Last year, I bought myself a note book to log recipes that we enjoyed at home. So far, in that time I’ve jotted down three! So, my mission for this year is make a start on that recipe book with the many endless recipes that we love to cook at home so that every time I want to make one of them, I dont have to endlessly trawl through the Internet trying to remember where the hell it was. Or for when I stumble across something, forget to bookmark it, close the laptop down and then fail to find it completely.
I was watching something on the TV the other and woman pulled out a family recipe book, it was tatty and torn but so well used and it was that reminded me about my little note book waiting to be filled. Im hoping that over the years I can fill it with lovely things that we eat as a family and then I can pass it to Joe, if he wants it that is!
TP has finally decided that nursery is fun. He will very rarely cry when I leave now and only cries when I arrive to pick him up, me popping in at lunchtime to feed was upsetting him quite a bit and once he started to eat his lunch there I began going in later and later and now I dont go in at all. I do leave milk for him but he is obviously far too busy to drink it and pushes it away in favour of dinner and snacks!
In general, TP’s eating habits have greatly improved. I think because he drinks less milk now, he is eating more and more food. Yoghurt is still by far his favourite and he is quite adept with his spoon these days, only occasionally covering himself in yoghurt on the scoop and when he gets bored with scooping he picks up the bowl and drinks it which is why I’ve taken to serving the yoghurt in his doidy cup!
I’ve introduced a fork aswell and TP is going great guns with it, he tries to stab it into the food which usually ends up with me doing it for him but once the food is on the fork its straight into the mouth and he’s looking for the next bit.
TP seems to have developed quite a bad habit where when he’s had enough to eat, whatever is left gets thrown on the floor, Im assuming its a normal phase – it just seems to be a pretty long phase.
Well Im off to try and figure out how to upload photographs as it is about time I posted one or two!
Today was the 2nd taster session for TP at nursery from 1pm – 4.30pm. When I dropped him off, I chatted with the girl and asked them not to put food in TP’s mouth this time but said if they wanted to help him then they could pass him his food, gave her his bag etc and left after about 5 minutes so that TP could get the full benefit of the session without me being there. So I gave him a kiss and said bye bye, he didn’t seem to notice much until I got to the gate and I waved again and then he cried, so I left hoping that he would calm down soon and start to have fun!
4.30pm – TP was sitting having his tea on one of the nursery worker’s lap which was nice, it was chicken sandwiches today and he had eaten 3/4 of a round. As I walked in he started to cry but he hadn’t seen me and it took a minute for him to actually look at me and when he did the crying got louder. The girls said that he had been crying on and off all afternoon but he did allow them to cuddle and comfort him so they didn’t ring me (Im glad about that as he has to get used to them settling him down) and that he had had a much better day today than Thursday.

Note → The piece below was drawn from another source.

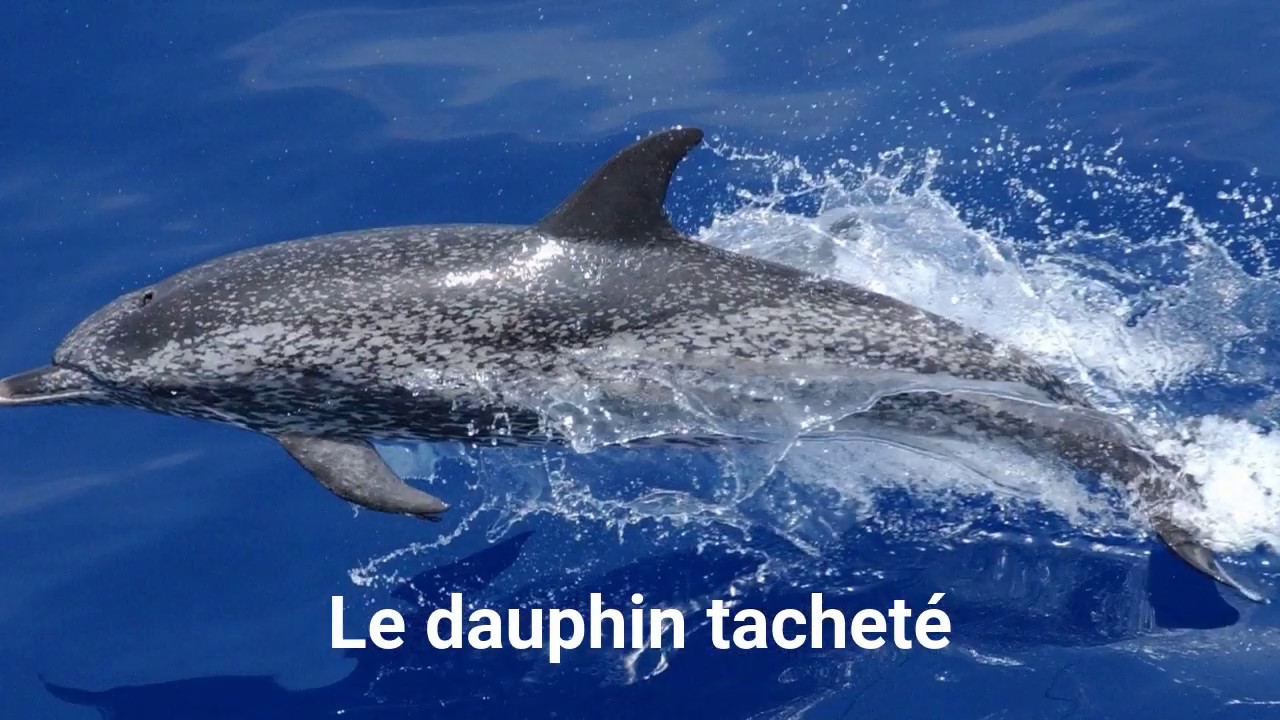Dauphin Martinique Les Observer Nager Adresse Et Tarifs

They took him in the garden with the toddlers (as it was so sunny here today) and he loved it. TP was sitting, laughing and smiling at the toddlers playing and really getting stuck in!!
TP hadn’t napped because as he was about to fall asleep something caught his eye and then that would be it, he was wide awake again so ofcourse he fell asleep on the short journey home and it would probably account for some of the crying too but it also means that he won’t want to go to bed until at least 8pm!
I’m really pleased that today was better for him, hopefully when he goes again on Thursday (this time from 7.30am – 4.00pm with a visit from me at lunchtime) he will start to enjoy it more.
We got there at 9.30am and he sat down and played with toys but didn’t leave my side and kept one eye on Mummy at all times!! After about half an hour, his key worker picked him up to put him in these little highchairs they have so that he could have a snack and then the crying began. So I went over to him and tried to calm him down, no luck he just sobbed. The key worker picked him up took him over to the window but he wouldn’t settle so she gave him back to me to try and calm him a bit. After 20 minutes he had calmed down and I decided to leave because he was going to get upset when I left no matter how long I stayed, so I kissed him goodbye and waved and left. I could hear him screaming from outside, it was very distressing and I hated leaving him but I know he will get used to them all eventually.
I called at 11am to check that he was ok and he was in the garden playing, so that was nice and at 12.30pm I toddled back down there to pick him up. TP was having a nap but woke up when he heard my voice and reached for me and sobbed, poor little man. He had enjoyed playing in the garden apparently but hadn’t eaten any dinner (which I expected) and despite me telling them about BLW and that TP feeds himself, they had even tried to feed him something and he was having none of it – that’s my boy!
Lets hope Monday is a little better!